Skip the pictures. Quote every line below, exactly, from the one with "Women's Black Regular" through the final line.

START RECORDS SUPPLIED

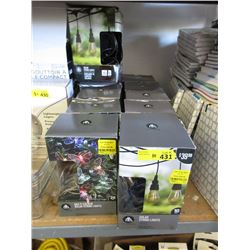 10 Packages of Assorted Solar String Lights
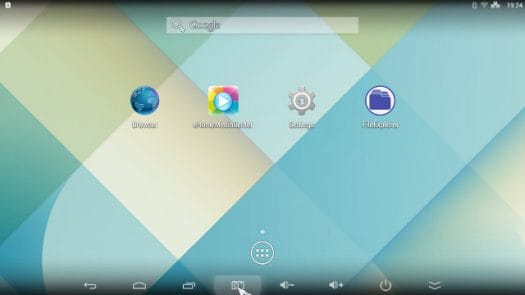 Android Home Screen on T034 (Click for Original Size)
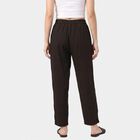 Women's Black Regular Fit Solid Palazzos, Black, small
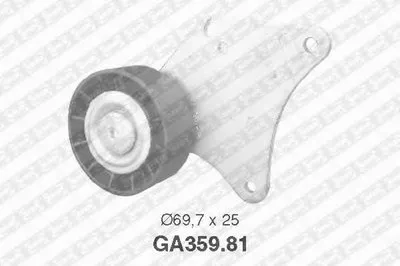 Паразитный / ведущий ролик, поликлиновой ремень SNR купить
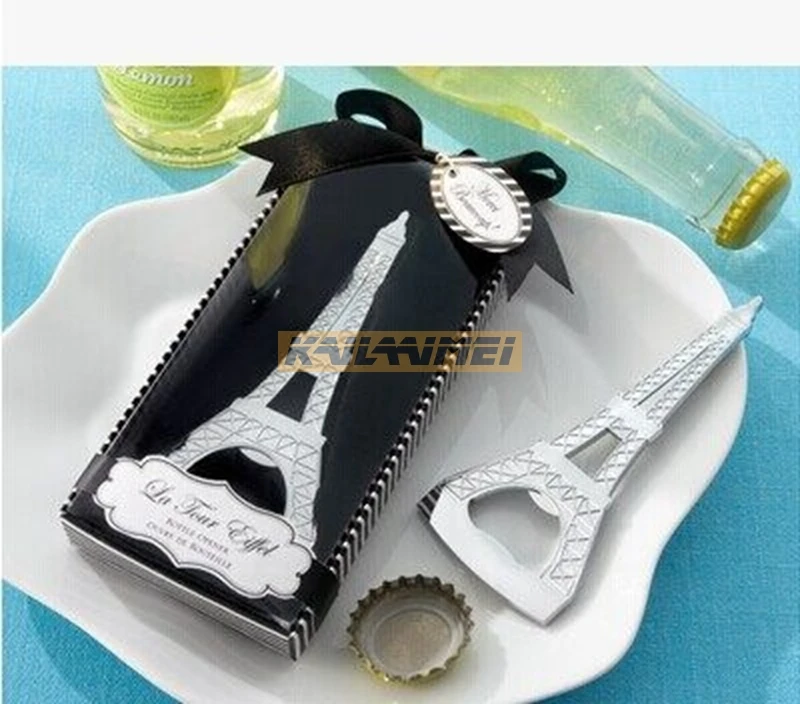 

50pcs Happy wedding creative novelty items bottle opener wedding favors gift packaging giveaways for guest free shipping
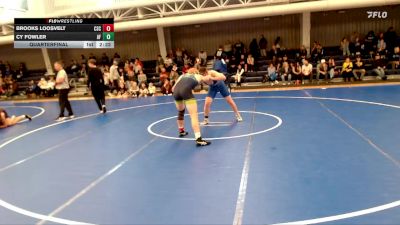 184 lbs Quarterfinal - Brooks Loosvelt, Chadron State vs Cy Fowler, Air Force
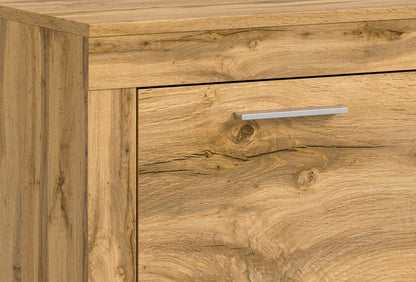Meuble TV JAM (L/H/P : env. 255/159/40 cm) en imitation chêne Wotan/gris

END RECORDS SUPPLIED

§ TASK RESPONSE:
 Women's Black Regular Fit Solid Palazzos, Black, small
 Паразитный / ведущий ролик, поликлиновой ремень SNR купить

50pcs Happy wedding creative novelty items bottle opener wedding favors gift packaging giveaways for guest free shipping
 184 lbs Quarterfinal - Brooks Loosvelt, Chadron State vs Cy Fowler, Air Force
Meuble TV JAM (L/H/P : env. 255/159/40 cm) en imitation chêne Wotan/gris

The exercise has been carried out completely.